The word is a liquid heat injection, flooding my throat and heart, stomach and legs. Objects expand in clarity: three diplomas on the wall, a blood pressure cuff near my ear, a jagged edge of tissue paper hanging off the table like a saw. I notice the darkness of Dr. Lars’ brown hair and the white sprigs of gray peeking out at her temples. Her cheekbones seem oddly pronounced, and her hazel eyes are giant. She talks like she is praying in a language I don’t know. Ascending colon. Near the liver. Penetrating colon wall. CT scans. Bloodwork, STAT. Hot tears crowd my lids.
My mind flashes to Adam and the kids, then turns away. I lock the people I love in a mental panic room, then fix my brain on logistics: the work presentation I’m supposed to do tonight. Handout packets in my car. The LCD projector in my trunk.
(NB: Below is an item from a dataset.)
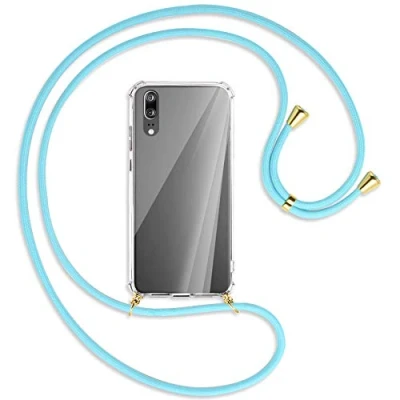 Abbildung von mtb more energy Handykette kompatibel mit Huawei P20 (5.8&#039;&#039;) Himmelblau/Gold Smartphone Hülle zum Umhängen Anti Shock Full TPU Case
I made a commitment; I’m wearing a skirt.
Mentally, I calculate how long it will take to finish this cancer incident and move on to what’s next. “I’m supposed to give a talk in about an hour,” I say. I should go, I think. Or maybe I shouldn’t. “I'm not sure what to do.”
She hesitates. Looks at me the way a parent might regard a child cradling her dead pet. “If you want to give the talk, you can…but you might just want to go home and be with your family.” Her face is tender. I gather, from her expression, that I should not give the talk. I'm thankful for her guidance, for what she has said and left unsaid.
I organize a list of tasks in my head: cancel tonight; tell Adam; call Mom and Dad. The first call seems manageable but uncomfortable. The other two, impossible. Dr. Lars sits patiently. “Do you think…would you mind talking to Adam?” She’s his internist too.
“Of course,” she says. I dial my cell phone and look down as it rings. I don’t know what I’ll say. Before I can rehearse the words, he answers.
“Hold on a sec,” he says, “let me step out of my meeting...What’d the doctor say?”
“Cancer.”
A vast silence answers me. So large I fall inside it and think I hear an echo. I want to reach for him, to lock into his brown-eyed gaze beneath the hairline that sits like a dark rope above his eyebrows. I want to touch his angled chin, feel the stubble push back when I glide my thumb across. I want to lean against his solid body through the ether.
“You there?” I ask.
Adam clears his throat.
Time hangs, suspended before us: the diagnosis, his reaction, the tipping moment where everything changes.